Leavitt's research focuses on two areas of critical importance regionally and globally, water quality and climate change.
His study of lake ecosystems on five continents has resulted in the development of a new international framework that can be used to forecast the effects of climate and societal change on the quality and availability of fresh waters in Canada and around the world.
Another key component of his work is the reconstruction of the last 2,000 years of climate change and occurrence of droughts on the Canadian Prairies, using fossil records from prairie lakes. He incorporates this information into risk assessment models that can be used to forecast the frequency, duration and intensity of future droughts.
Through his work on these and other projects, Leavitt is looking at how human activity is impacting the environment and what that means in terms of the capability of society to continue in the future.

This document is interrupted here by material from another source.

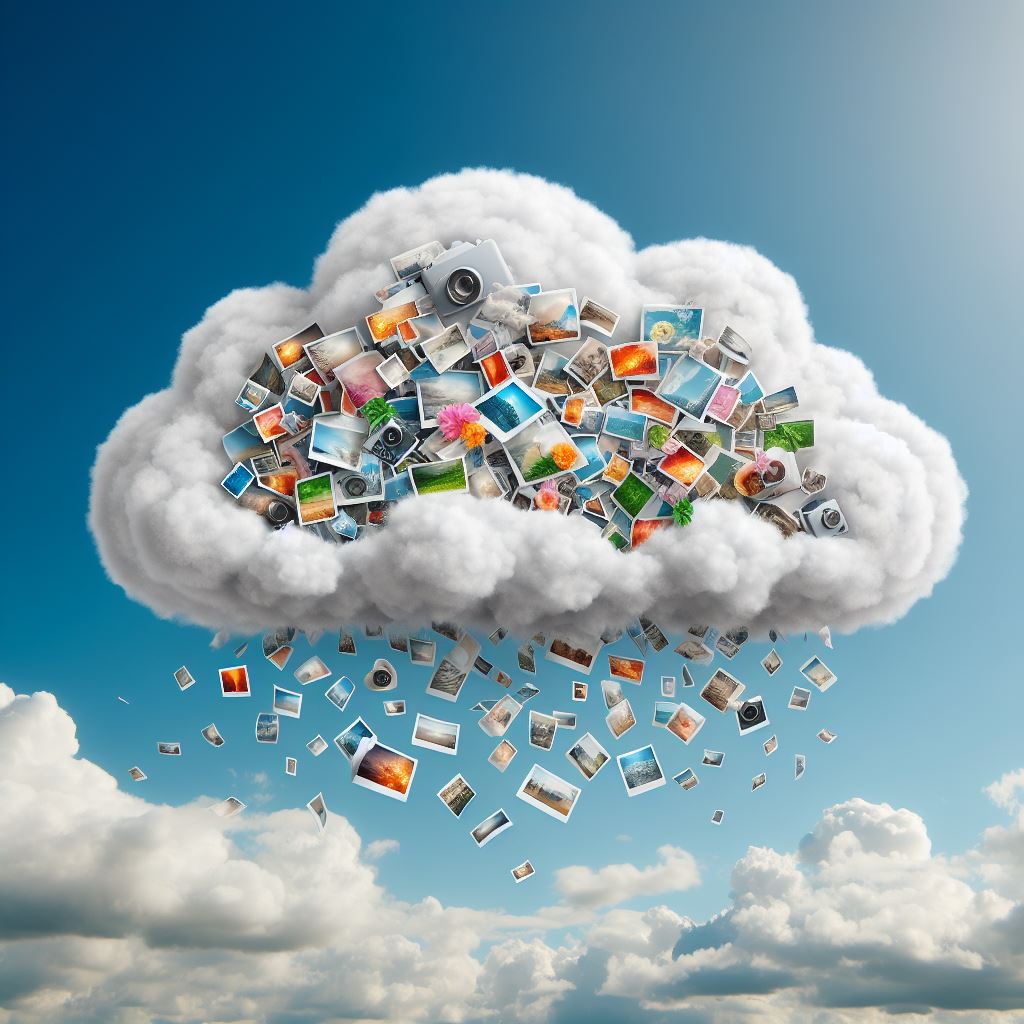 images-cloud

"Most environmental science is insanely easy," Leavitt says. "You don't want the pollution? Stop. But the challenge is to make the decision in the context of everything else that is going on in our lives."
That challenge is the reason his research position is called "environmental change and society."
"I think they have to handshake, they have to interact," he says. "So our objective is to use Regina as a globally significant example of how to do things better in the future."
Leavitt says the University of Regina is a great place to do research.
"University of Regina researchers are conducting groundbreaking, world-changing research based in Regina. There are great things happening here and a positive attitude that is catching on."